Doğal taş malzemenin geleceğine nasıl bakıyorsunuz? Bu malzeme ile ilgili yeni trendler hakkında neler söylersiniz?
AAD: Doğal taş tarihteki en eski yapı malzemelerinden bir tanesi, geçmişte doğada bulunduğu şekilde ya da kabaca yontularak mekanda konstrüktif amaçlı kullanılırken zaman içerisinde teknolojinin gelişimiyle farklı biçimler kazandırılarak mekanda farklı amaçlı kullanılmaya başlandı. Doğal taş, ister yapı konstrüksiyonunda yer alsın ister kaplama malzemesi olarak kullanılsın; yapıda bulunma sebebi sadece bir zorunluluk değil aynı zamanda doğadan gelen, sağlıklı, ekolojik, ısı konforu sağlayan ve estetik niteliğe sahip bir malzemedir. Dolayısıyla mimaride güncelliğini daima korumuş ve yaşam mekanlarında hak ettiği ilgiyi görmüştür. Teknolojinin gelişmesi ile doğal taşın doğası gereği ağırlığı olsun, leke tutma potansiyeli olsun, ar-ge araştırmaları ile günümüzde bunlara birçok yapısal ve kimyasal ürünlerin geliştirilmesi ile çözüm üretilmesi sayesinde, biz tasarımcılara doğal taş kullanımında yeni birçok kapı açmış durumda. Mesela mermer başka bir ürünle kompoze ve lamine edilerek daha hafifleşiyor, 2-3 santim kalınlığında plakalar halinde değil de, daha ince, kıvrılabilir yuvarlak yüzeylerde daha farklı boyutlar halinde kullanılabiliyor.

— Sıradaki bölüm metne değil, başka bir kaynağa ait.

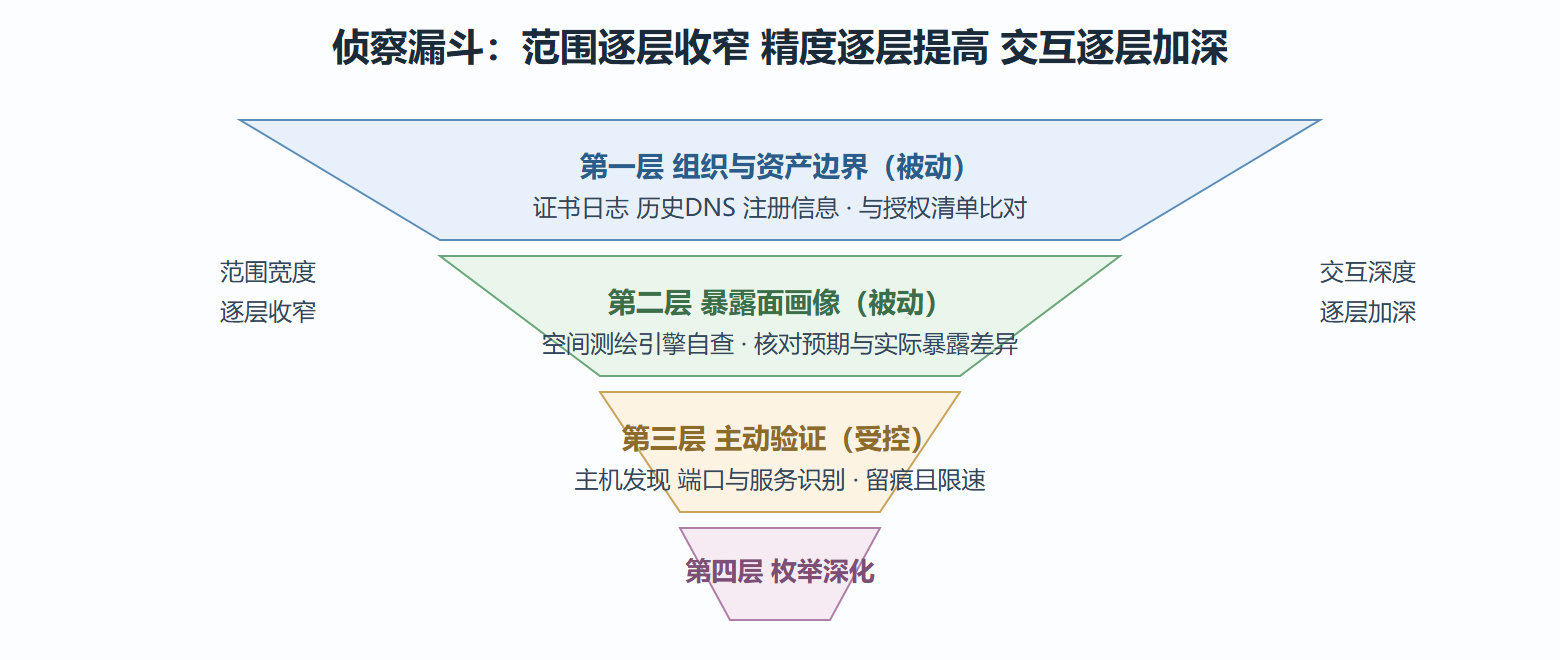 图 侦察漏斗与每层的验证义务
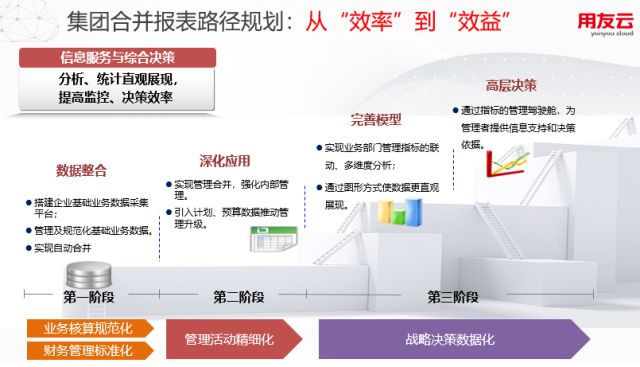 大企业编制合并报表集团财务合并解决方案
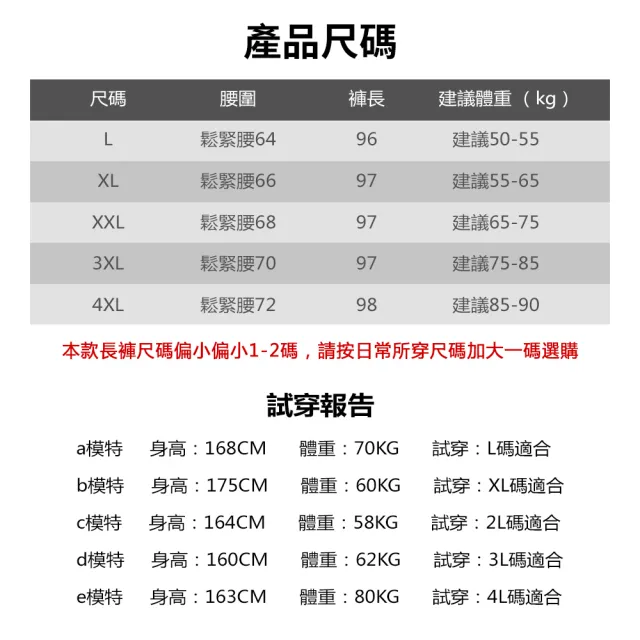 【DR.MANGO 芒果科技】大尺碼厚燈芯絨直筒褲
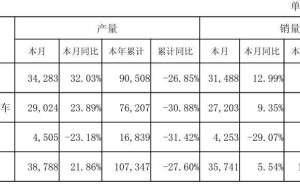 赛力斯4月新能源汽车销量增长，但累计销量同比下降近三成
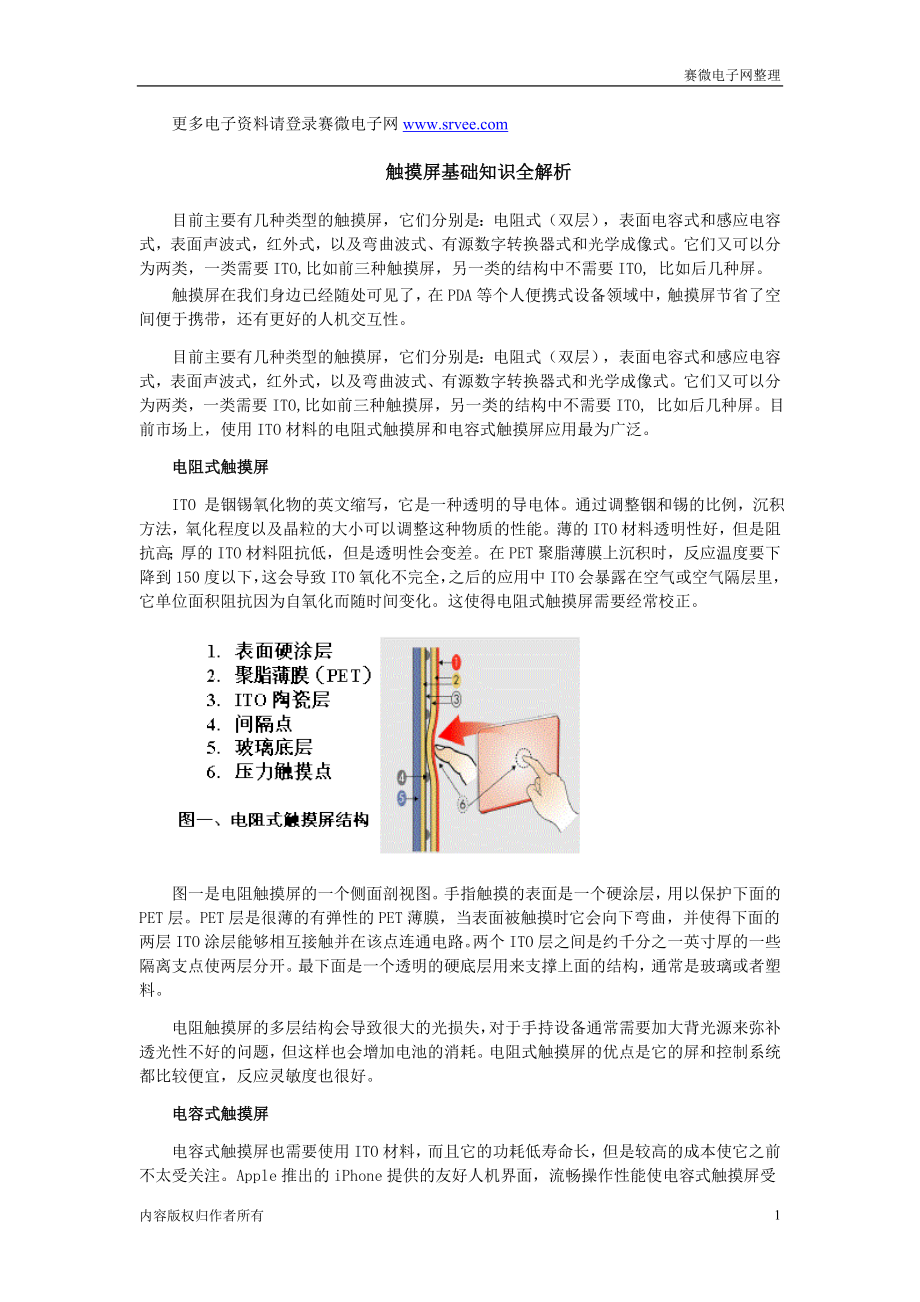 触摸屏基础知识全解析 (2)_第1页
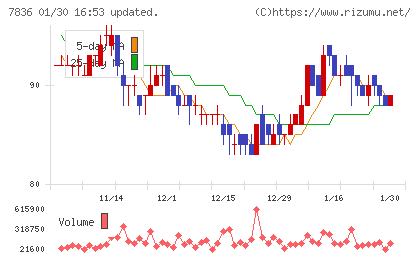 アビックスチャート
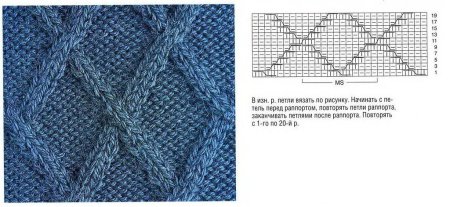 Схема узора ромбы для вязания спицами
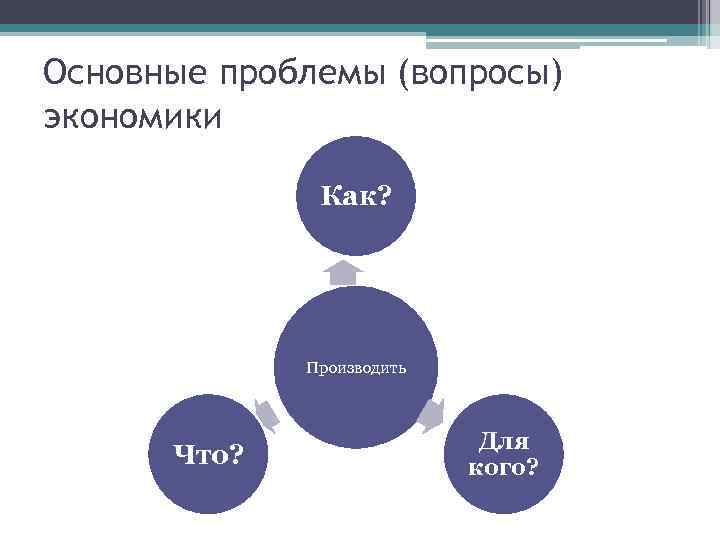 Главные вопросы экономики что как для кого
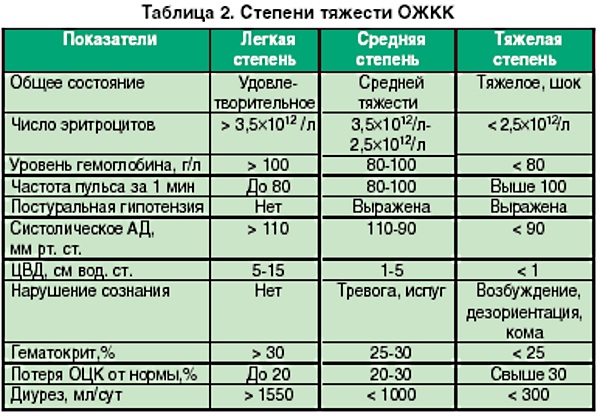 Желудочное кровотечение. Симптомы у взрослых, причины, лечение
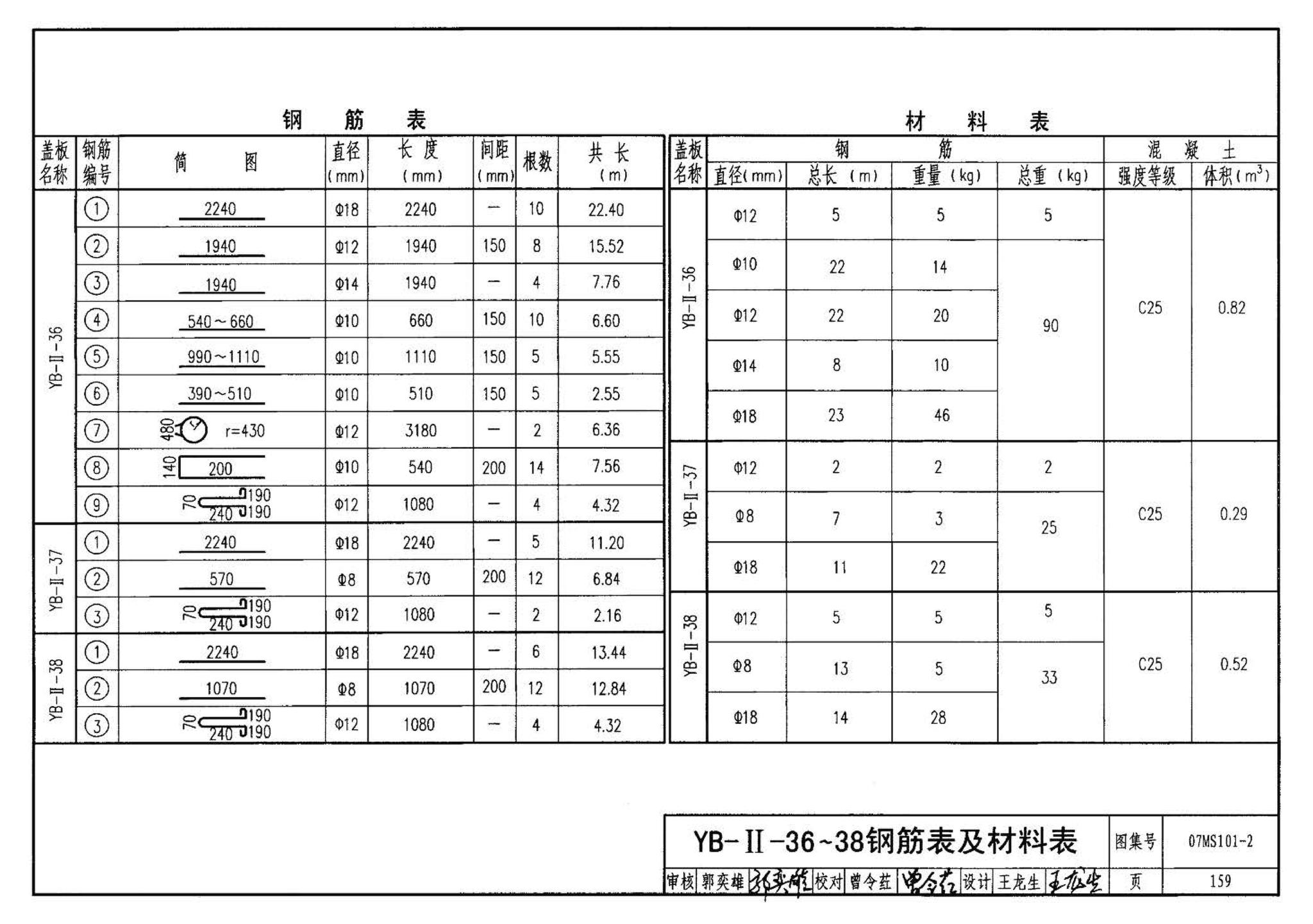 07MS101--市政给水管道工程及附属设施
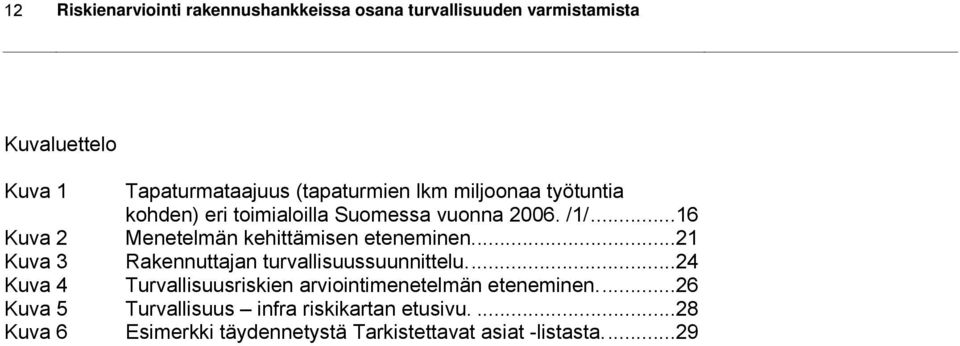 ..16 Kuva 2 Menetelmän kehittämisen eteneminen...21 Kuva 3 Rakennuttajan turvallisuussuunnittelu.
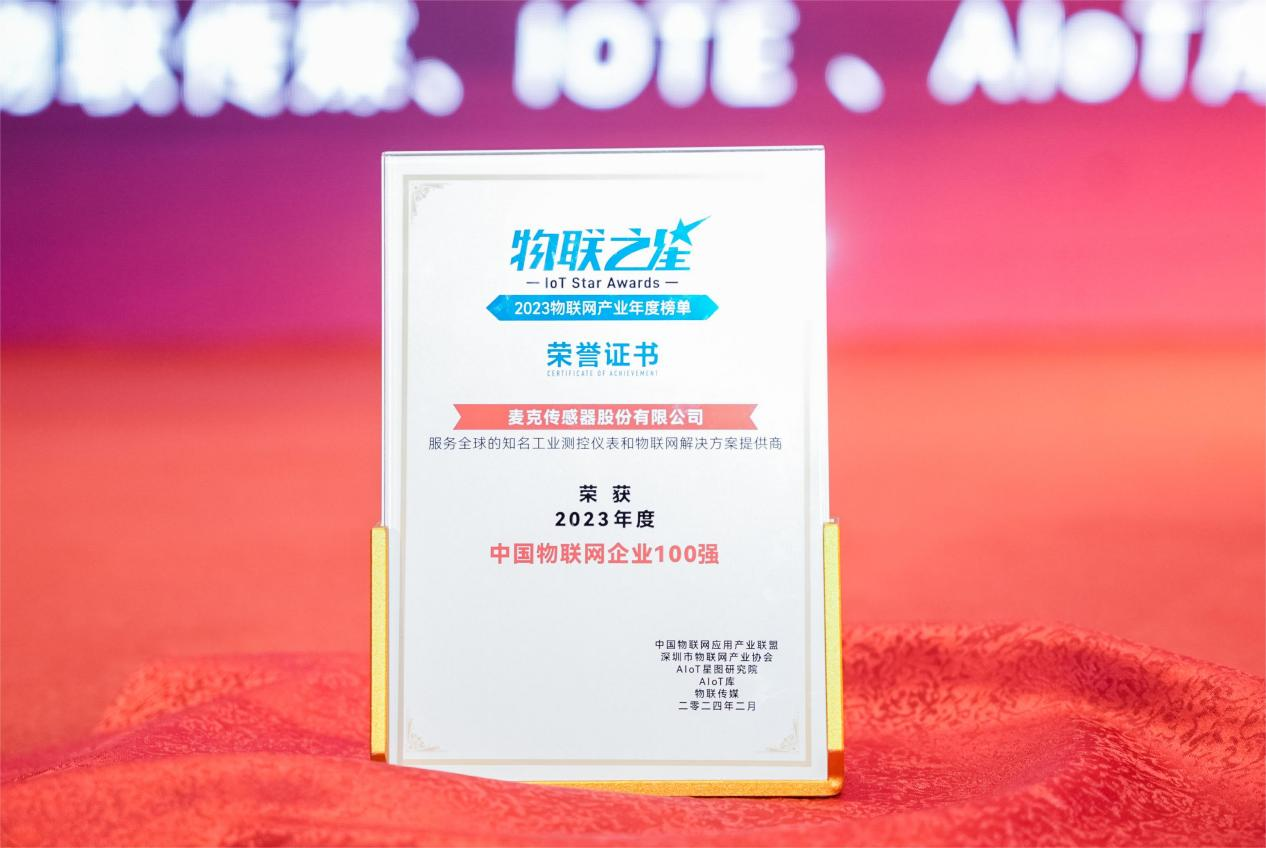IoT Star Awards Certificate.png IoT Star Awards Certificate.png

Son olarak güncel projeleriniz ve gelecek planlarınız hakkında neler söylersiniz?
AAD: Designist olarak tercih ettiğimiz modelde ofisin butik kalması sayesinde çok fazla büyümeden, yatırımcıya daha verimli ve daha kaliteli bir servis verdiğimize inanıyorum. Altın kadro diye adlandırdığım, yaratıcılığı yüksek ekip arkadaşlarımla bu yolda hep birlikte projeler geliştirmeye devam ediyoruz. Şu anki yeni hedefimiz kendi tasarladığımız mekanlarda, tasarlayıp ürettirdiğimiz mobilya ve aksesuarları kullanmak. Bir yandan projelerimizi yürütürken, bir yandan da bu konuda çalışmalarımızı devam ettiriyoruz.